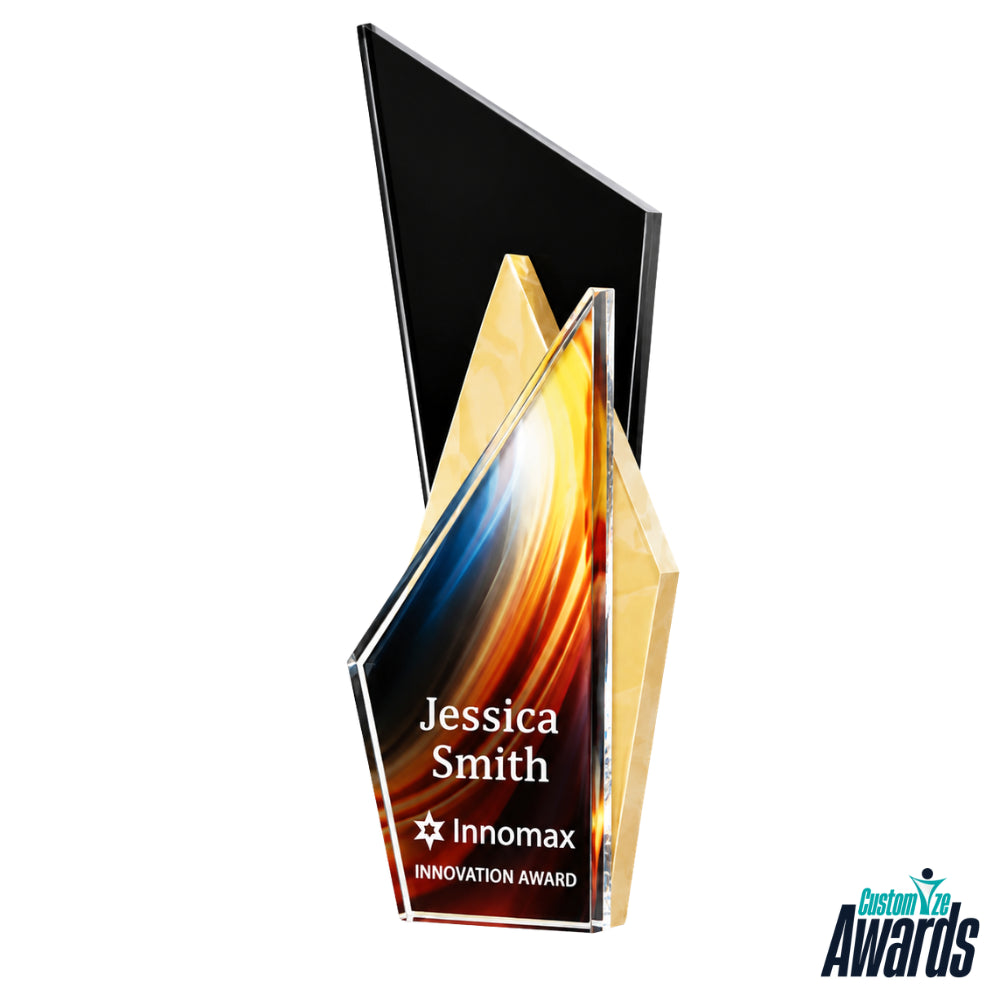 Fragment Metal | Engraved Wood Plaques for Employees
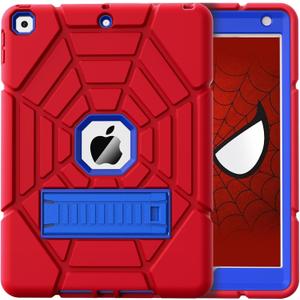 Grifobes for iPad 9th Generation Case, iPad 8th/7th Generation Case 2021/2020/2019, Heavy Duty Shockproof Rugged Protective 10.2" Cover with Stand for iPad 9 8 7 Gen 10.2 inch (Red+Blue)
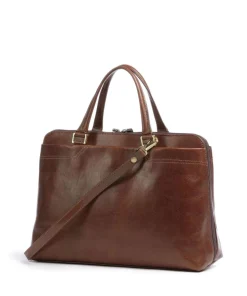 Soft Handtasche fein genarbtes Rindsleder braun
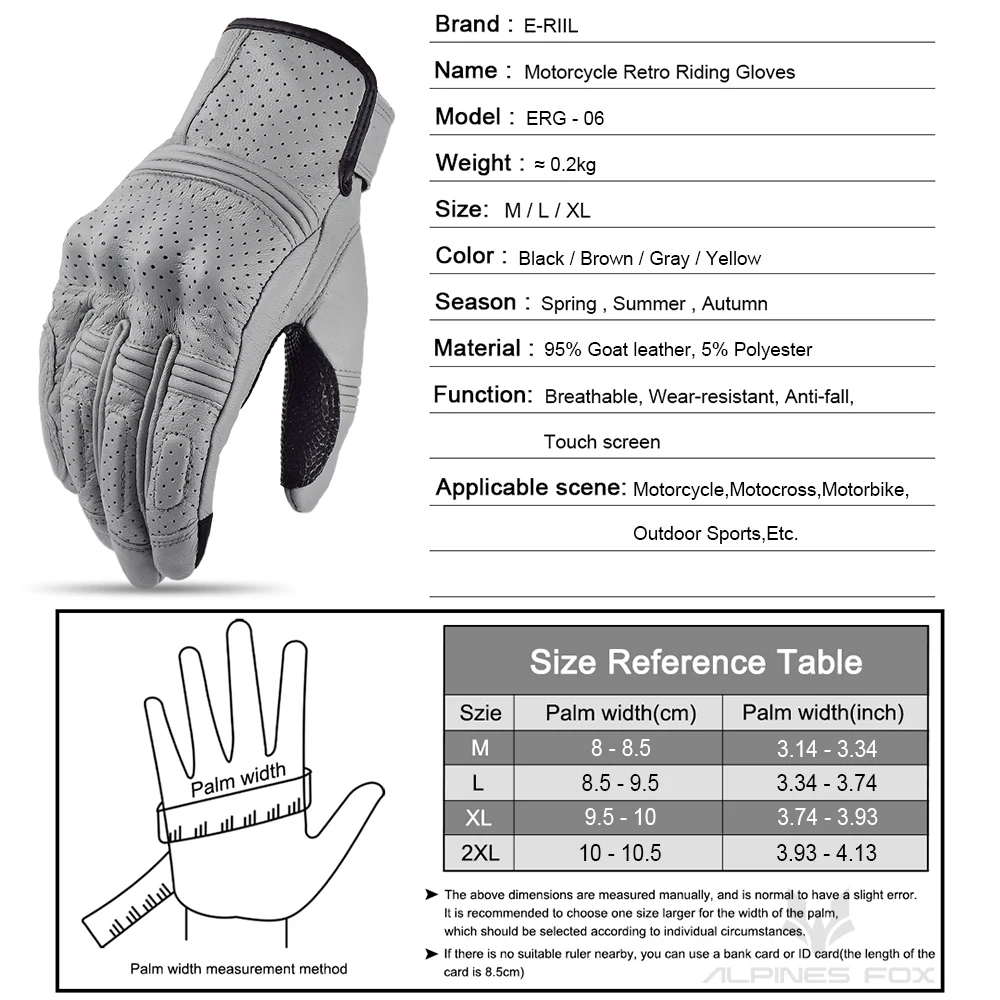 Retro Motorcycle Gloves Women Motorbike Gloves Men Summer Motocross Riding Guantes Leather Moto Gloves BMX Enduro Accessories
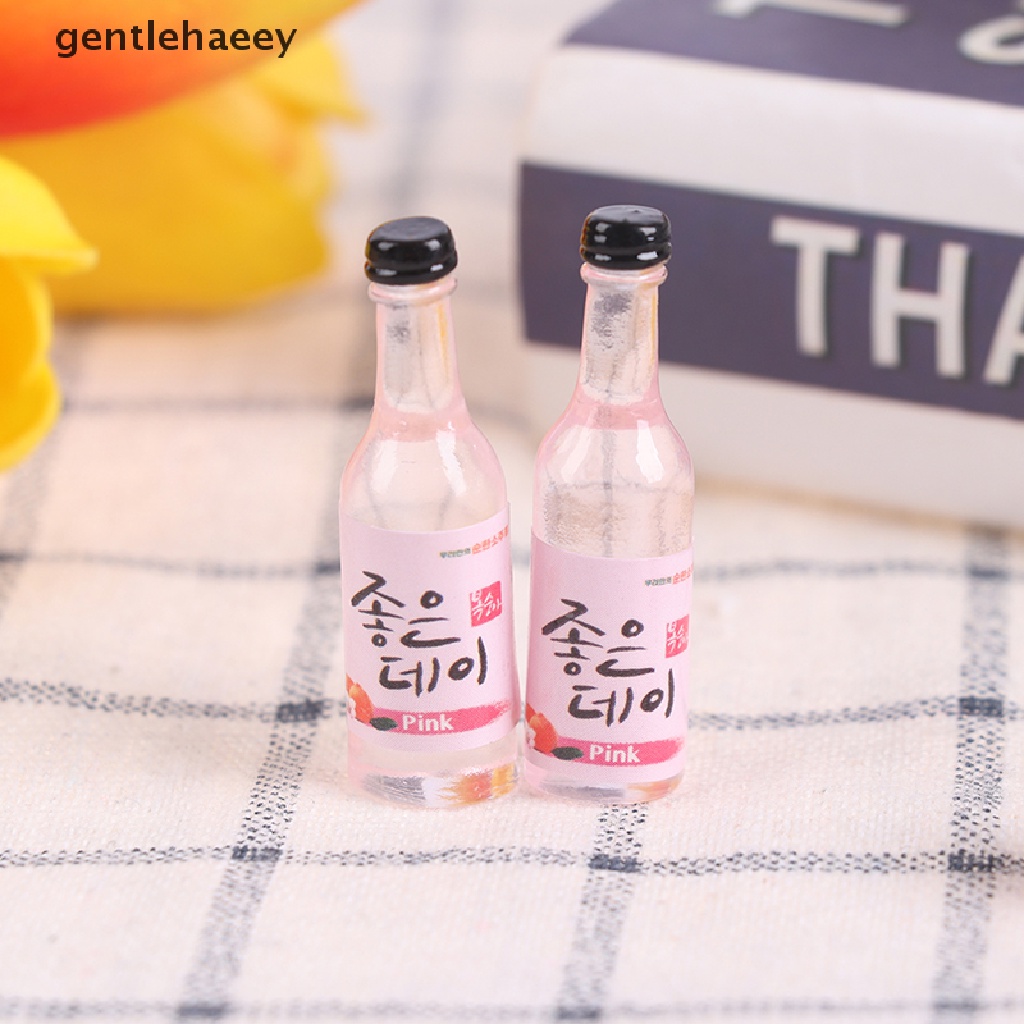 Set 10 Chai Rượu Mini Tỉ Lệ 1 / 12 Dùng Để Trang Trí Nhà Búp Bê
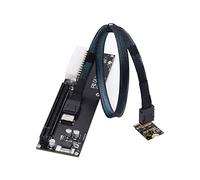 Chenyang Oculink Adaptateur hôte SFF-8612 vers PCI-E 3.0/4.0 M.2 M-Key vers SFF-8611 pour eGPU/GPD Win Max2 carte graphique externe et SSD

-------------------------

Return each entry above unchanged. Leave the pictures out.

 Fragment Metal | Engraved Wood Plaques for Employees
 Grifobes for iPad 9th Generation Case, iPad 8th/7th Generation Case 2021/2020/2019, Heavy Duty Shockproof Rugged Protective 10.2" Cover with Stand for iPad 9 8 7 Gen 10.2 inch (Red+Blue)
 Soft Handtasche fein genarbtes Rindsleder braun
 Retro Motorcycle Gloves Women Motorbike Gloves Men Summer Motocross Riding Guantes Leather Moto Gloves BMX Enduro Accessories
 Set 10 Chai Rượu Mini Tỉ Lệ 1 / 12 Dùng Để Trang Trí Nhà Búp Bê
 Chenyang Oculink Adaptateur hôte SFF-8612 vers PCI-E 3.0/4.0 M.2 M-Key vers SFF-8611 pour eGPU/GPD Win Max2 carte graphique externe et SSD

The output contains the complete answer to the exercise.